AGING AND THE LOSS OF GRAMMATICAL FORMS: A CROSS-SECTIONAL STUDY OF LANGUAGE PERFORMANCE; DONNA KYNETTE and SUSAN KEMPER
Current models of language development commonly assume that there are few changes in linguistic ability across the adult years (Menyuk, 1977). This assumption, however, is not based on actual research; as Cohen (1979) observed, 'Geriatric psycholinguistics is virtually an unexplored territory' (p. 412). Some information about adults' linguistic abilities is provided by aphasia test norms.
Typically, the normative data compares the performance of brain-damaged and age-matched normal adults (Schuell et 01., 1964; Swisher and Sarno, 1969; Duffy et 01., 1976; Schewan, 1979; Borod et 01., 1980); this research finds little appreciable decline across the life span on measures of spelling, color and body-part naming,' picture description, sentence repetition, answering general-knowledge questions, and the comprehension of words and simple sentences. The normative data is limited to basic linguistic abilities and to normative samples averaging around 60 years of age (Davis, 1984). Some investigators have examined the performance of adults on tests of specific linguistic forms. Comprehension does appear to drop off in the 60s and 70s for complex syntactic constructions (Walsh and Baldwin, 1977; Feier and Gerstman, 1980). Age-related declines in the ability to draw inferences from texts have also been observed (Cohen, 1979; Taub,
1979; Belmore, 1981; Cohen and Faulkner, 1981). Age-related effects have not typically been observed in sentence production tasks (Nebes and Andrews-Kulis, 1976; Yorkston and Beukelman, 1980; Walker et 01., 1981) although only a limited set of variables, e.g. speed, fluency and clarity, have been investigated.

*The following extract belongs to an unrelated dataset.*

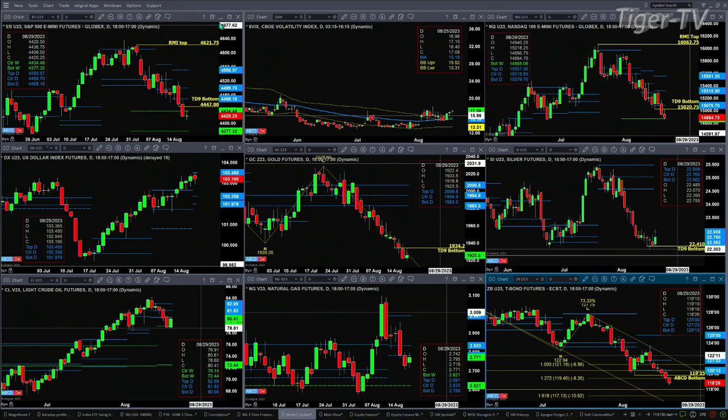If we take a look at the NQ, it also negated its TD9 count bottom, and price is sitting at a real key level of support. You want to note this down: that's at 14,865. You want to watch that like a hawk, especially come Friday.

The following research was undertaken as a detailed investigation of the spontaneous speech of active, healthy adults between the ages of 50 and 90 years. This age range was chosen to compare the performance of middle-aged (50 and 60 year olds) and elderly (70 and 80 year olds) adults (Kausler, 1982). Sixteen different measures of syntactic structure, verb tense, form class, lexical use and disfluency were examined. These variables were chosen to represent a range of linguistic skills and to provide a comprehensive profile of the adults' spoken language. Performance on the lexical and disfluency measures was not expected to vary with age (Schaie, 1980).Performance on the syntactic, tense and form class measures was expected to decline with age, reflecting attentional and memory limitations (Craik, 1977; Kausler, 1982).